From: Xiubo Li <xiubli@redhat.com>
To: Ilya Dryomov <idryomov@gmail.com>
Cc: ceph-devel@vger.kernel.org, jlayton@kernel.org,
mchangir@redhat.com, atomlin@atomlin.com, stable@vger.kernel.org
Subject: Re: [PATCH v3] ceph: blocklist the kclient when receiving corrupted snap trace
Date: Wed, 7 Dec 2022 20:35:26 +0800 [thread overview]
Message-ID: <897fc89b-775f-88ce-1550-90c47220dc18@redhat.com> (raw)
In-Reply-To: <CAOi1vP8hkXZ7w9D5LnMViyjqVCmsKo3H2dg1QpzgHCPuNfvACQ@mail.gmail.com>
On 07/12/2022 18:59, Ilya Dryomov wrote:
> On Tue, Dec 6, 2022 at 1:59 PM <xiubli@redhat.com> wrote:
>> From: Xiubo Li <xiubli@redhat.com>
>>
>> When received corrupted snap trace we don't know what exactly has
>> happened in MDS side. And we shouldn't continue writing to OSD,
>> which may corrupt the snapshot contents.
>>
>> Just try to blocklist this client and If fails we need to crash the
>> client instead of leaving it writeable to OSDs.
>>
>> Cc: stable@vger.kernel.org
>> URL: https://tracker.ceph.com/issues/57686
>> Signed-off-by: Xiubo Li <xiubli@redhat.com>
>> ---
>>
>> Thanks Aaron's feedback.
>>
>> V3:
>> - Fixed ERROR: spaces required around that ':' (ctx:VxW)
>>
>> V2:
>> - Switched to WARN() to taint the Linux kernel.
>>
>> fs/ceph/mds_client.c | 3 ++-
>> fs/ceph/mds_client.h | 1 +
>> fs/ceph/snap.c | 25 +++++++++++++++++++++++++
>> 3 files changed, 28 insertions(+), 1 deletion(-)
>>
>> diff --git a/fs/ceph/mds_client.c b/fs/ceph/mds_client.c
>> index cbbaf334b6b8..59094944af28 100644
>> --- a/fs/ceph/mds_client.c
>> +++ b/fs/ceph/mds_client.c
>> @@ -5648,7 +5648,8 @@ static void mds_peer_reset(struct ceph_connection *con)
>> struct ceph_mds_client *mdsc = s->s_mdsc;
>>
>> pr_warn("mds%d closed our session\n", s->s_mds);
>> - send_mds_reconnect(mdsc, s);
>> + if (!mdsc->no_reconnect)
>> + send_mds_reconnect(mdsc, s);
>> }
>>
>> static void mds_dispatch(struct ceph_connection *con, struct ceph_msg *msg)

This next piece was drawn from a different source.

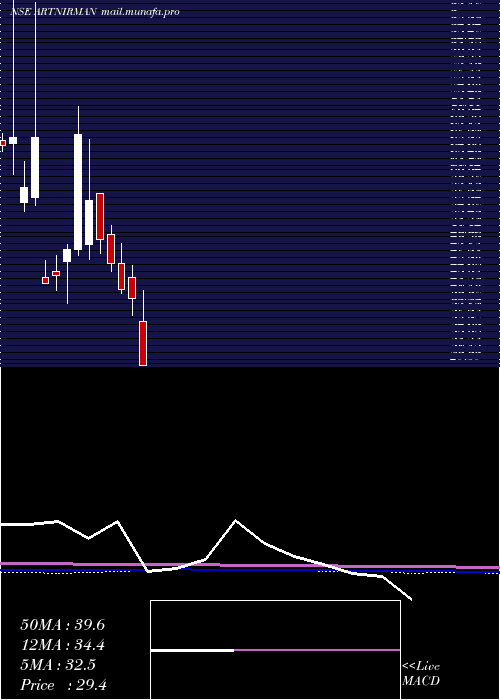  monthly chart ArtNirman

>> diff --git a/fs/ceph/mds_client.h b/fs/ceph/mds_client.h
>> index 728b7d72bf76..8e8f0447c0ad 100644
>> --- a/fs/ceph/mds_client.h
>> +++ b/fs/ceph/mds_client.h
>> @@ -413,6 +413,7 @@ struct ceph_mds_client {
>> atomic_t num_sessions;
>> int max_sessions; /* len of sessions array */
>> int stopping; /* true if shutting down */
>> + int no_reconnect; /* true if snap trace is corrupted */
>>
>> atomic64_t quotarealms_count; /* # realms with quota */
>> /*
>> diff --git a/fs/ceph/snap.c b/fs/ceph/snap.c
>> index c1c452afa84d..023852b7c527 100644
>> --- a/fs/ceph/snap.c
>> +++ b/fs/ceph/snap.c
>> @@ -767,8 +767,10 @@ int ceph_update_snap_trace(struct ceph_mds_client *mdsc,
>> struct ceph_snap_realm *realm;
>> struct ceph_snap_realm *first_realm = NULL;
>> struct ceph_snap_realm *realm_to_rebuild = NULL;
>> + struct ceph_client *client = mdsc->fsc->client;
>> int rebuild_snapcs;
>> int err = -ENOMEM;
>> + int ret;
>> LIST_HEAD(dirty_realms);
>>
>> lockdep_assert_held_write(&mdsc->snap_rwsem);
>> @@ -885,6 +887,29 @@ int ceph_update_snap_trace(struct ceph_mds_client *mdsc,
>> if (first_realm)
>> ceph_put_snap_realm(mdsc, first_realm);
>> pr_err("%s error %d\n", __func__, err);
>> +
>> + /*
>> + * When receiving a corrupted snap trace we don't know what
>> + * exactly has happened in MDS side. And we shouldn't continue
>> + * writing to OSD, which may corrupt the snapshot contents.
>> + *
>> + * Just try to blocklist this kclient and if it fails we need
>> + * to crash the kclient instead of leaving it writeable.
> Hi Xiubo,
>
> I'm not sure I understand this "let's blocklist ourselves" concept.
> If the kernel client shouldn't continue writing to OSDs in this case,
> why not just stop issuing writes -- perhaps initiating some equivalent
> of a read-only remount like many local filesystems would do on I/O
> errors (e.g. errors=remount-ro mode)?
I still haven't found how could I handle it this way from ceph layer. I
saw they are just marking the inodes as EIO when this happens.
>
> Or, perhaps, all in-memory snap contexts could somehow be invalidated
> in this case, making writes fail naturally -- on the client side,
> without actually being sent to OSDs just to be nixed by the blocklist
> hammer.
>
> But further, what makes a failure to decode a snap trace special?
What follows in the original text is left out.